[Record extracts]
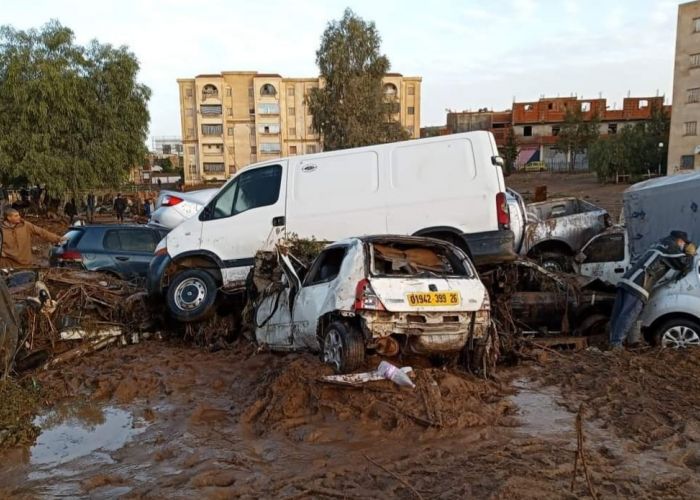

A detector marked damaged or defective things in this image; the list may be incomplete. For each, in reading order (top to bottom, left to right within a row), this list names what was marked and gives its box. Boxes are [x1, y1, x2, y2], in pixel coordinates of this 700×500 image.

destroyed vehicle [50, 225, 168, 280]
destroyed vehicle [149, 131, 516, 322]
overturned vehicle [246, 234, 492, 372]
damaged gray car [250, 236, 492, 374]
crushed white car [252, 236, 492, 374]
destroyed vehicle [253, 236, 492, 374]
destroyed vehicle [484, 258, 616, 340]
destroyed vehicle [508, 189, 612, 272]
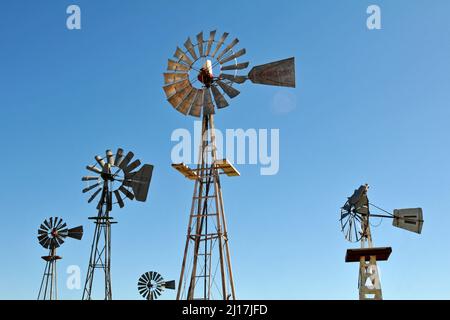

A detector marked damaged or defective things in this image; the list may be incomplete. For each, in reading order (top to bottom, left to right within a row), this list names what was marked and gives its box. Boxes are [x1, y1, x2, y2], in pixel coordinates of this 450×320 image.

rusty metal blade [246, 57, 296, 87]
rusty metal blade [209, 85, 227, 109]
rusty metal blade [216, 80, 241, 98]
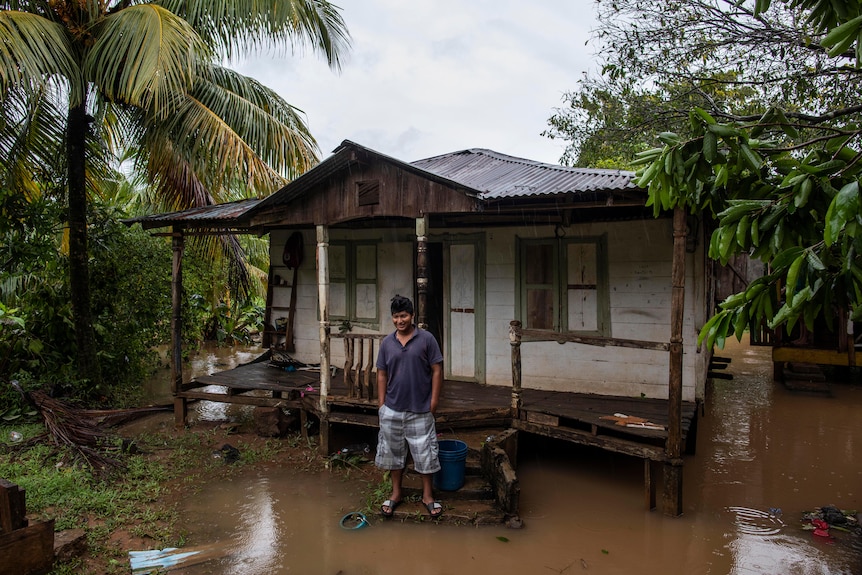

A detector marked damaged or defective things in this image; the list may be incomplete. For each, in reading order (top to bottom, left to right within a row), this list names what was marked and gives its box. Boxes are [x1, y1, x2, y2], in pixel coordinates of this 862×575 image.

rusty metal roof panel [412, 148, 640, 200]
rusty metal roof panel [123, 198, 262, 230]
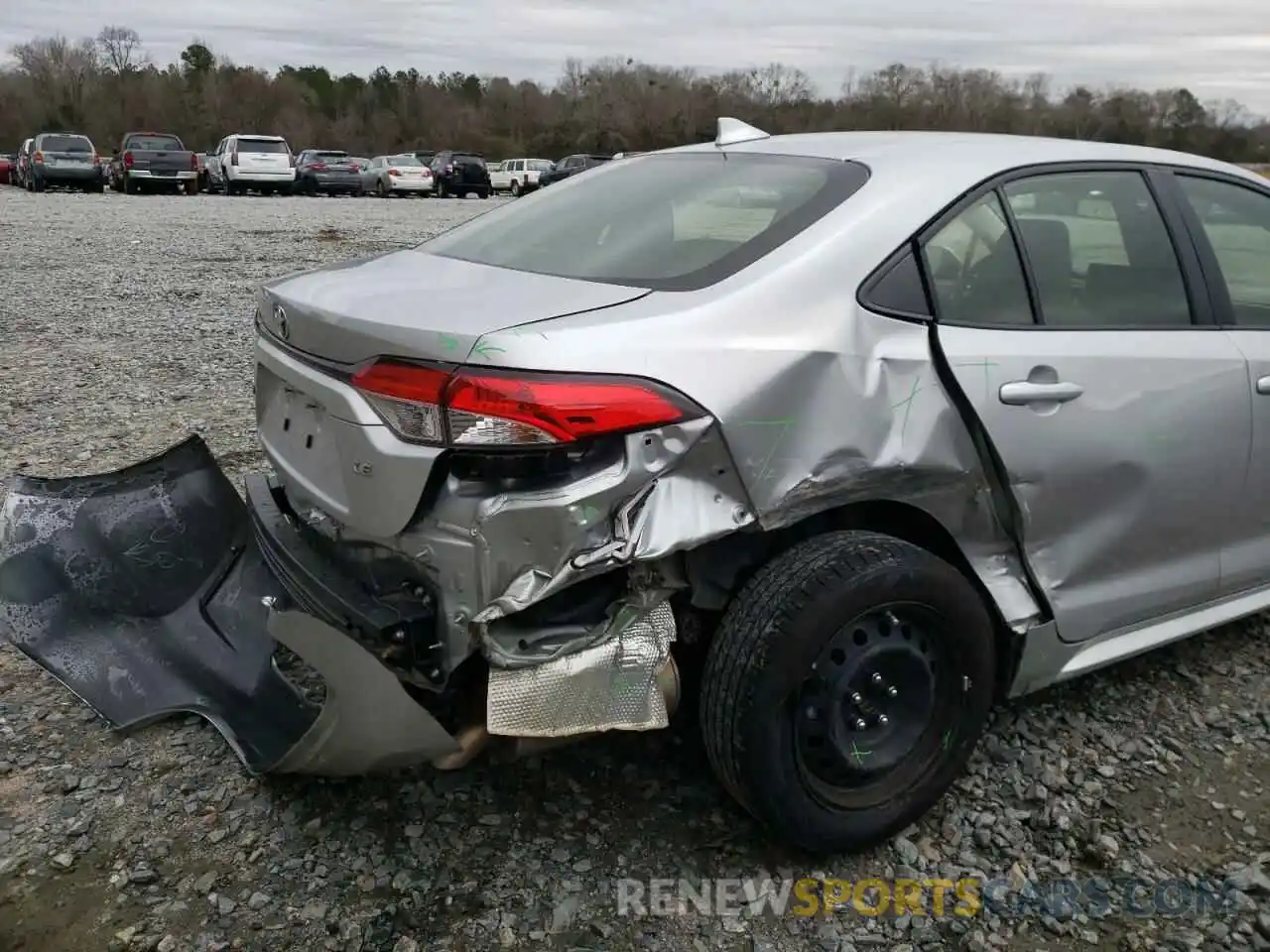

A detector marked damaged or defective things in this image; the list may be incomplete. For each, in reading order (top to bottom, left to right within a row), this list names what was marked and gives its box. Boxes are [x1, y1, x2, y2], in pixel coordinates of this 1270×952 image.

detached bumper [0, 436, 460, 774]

[What you need to do] Output the line bearing "this 1270×952 image." along with all the lines after it through the end of the entries, exactly, and no other lines.

[Response]
A detector marked damaged or defective things in this image; the list may be incomplete. For each, in reading order (top to bottom, left to right within a row), this list names what was marked and gives its box. Boxes are [x1, y1, x2, y2], in pixel coordinates of this 1270×952 image.

detached bumper [0, 436, 460, 774]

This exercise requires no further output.